Here is a message on behalf of project scientist Dr Peter Watson:
We are in the final stages of developing a new pair of global atmospheric models for use in CPDN. These have a big resolution upgrade compared to the existing global model used by Weather@Home, meaning that the spacing between grid points is being reduced, making use of the larger memory and processor power available in modern computers. The purpose of this is to address the fact that the high-impact weather events that CPDN is often used to study (like extreme heatwaves and heavy rainfall) usually involve extreme "dynamical" phenomena, like storms and blocking anticyclones.

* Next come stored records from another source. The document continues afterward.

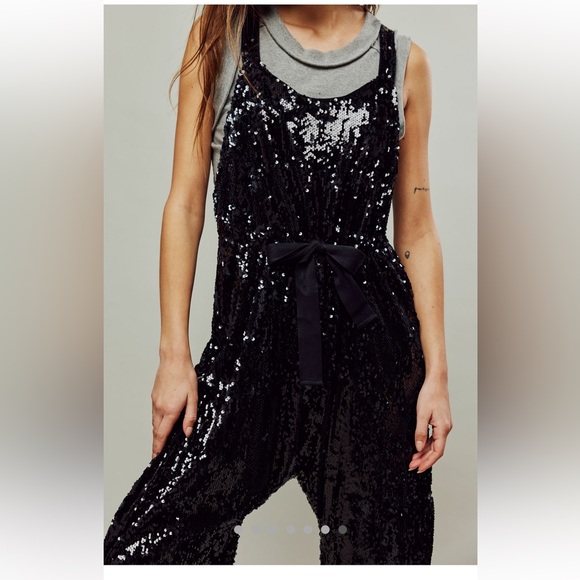 🔥🔥WOW 🤯 NWT Free People sequin Jumpsuit in black🔥🔥 - Picture 2 of 8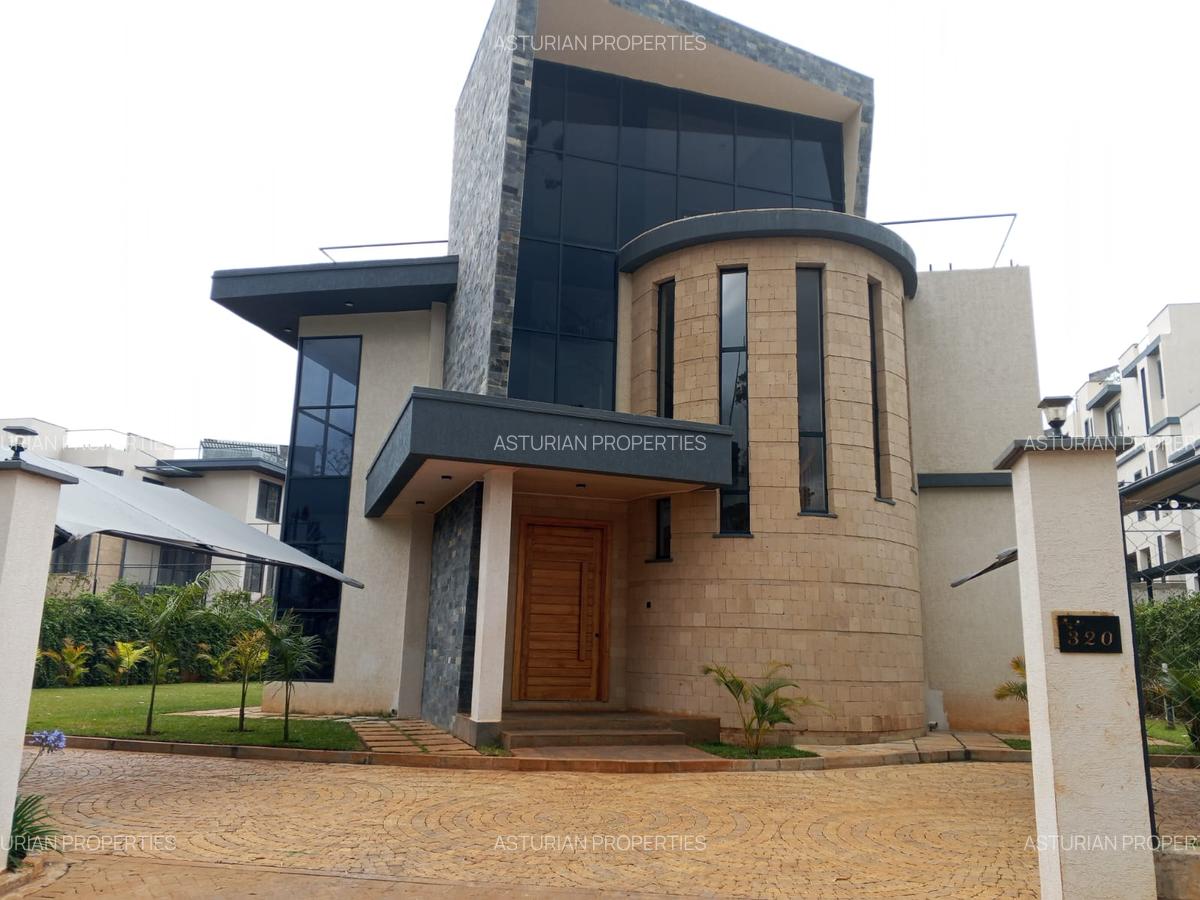 4 Bed Villa with En Suite in Westlands Area - 1
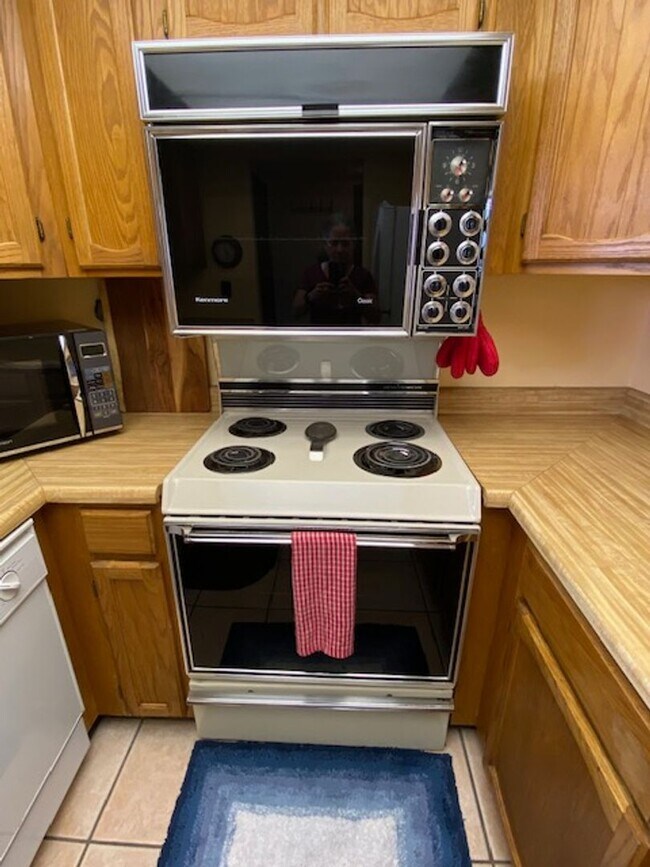 Building Photo - QUAINT, CUTE, 2BR CONDO; Covered Parking; ...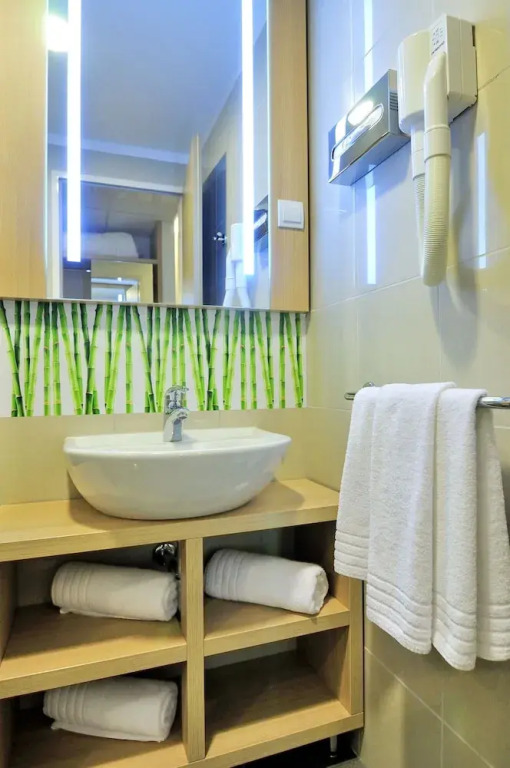 Hotel Rebro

So it is very important to be able to simulate these events faithfully, and increasing the model resolution helps with this.
The resolution sets how much fine detail the model can resolve through calculations of the fundamental fluid dynamics of the atmosphere, and increasing it reduces the reliance on more approximate parameterisations of sub-grid processes. These models will have resolutions of 0.83x0.5 degrees (~60km in middle latitudes) and 1.25x0.83 degrees (~90km). The global atmospheric model that is currently used has a resolution of only 1.875x1.25 degrees (~150km). The number of vertical levels will also be doubled. Studies that have been done over the past few years have found that reducing the grid spacing below 100km starts making substantial improvements to the quality of simulated weather phenomena such as those previously mentioned.
The model with the higher resolution has a grid spacing close to that of the 50km regional model, but simulates features at this scale for the whole globe, effectively simulating the results for all of those regional models simultaneously. Whilst the regional models that are currently used help to capture fine details, they are dependent on the winds simulated by the 150km-resolution global model at large scales. The new higher resolution models will also simulate these large-scale winds more faithfully, giving further improvements in the results for small regions. The regional models may still be more appropriate for some projects, though, and are likely to still be used.
Our initial tests have found that the quality of weather simulations from these models appears similar to that in the current state-of-the-art model used at the Met Office. So with the ability to produce multi-thousand member ensembles with these models, there will be many opportunities to do cutting-edge science.
For now, these models are only going to be run on Linux systems. Some of you will already have received work units using the model with ~90km resolution. This work is pushing at the boundaries of what it is possible to achieve in a project like this, so please bear with us as there may be quite high failure rates at first as issues are ironed out.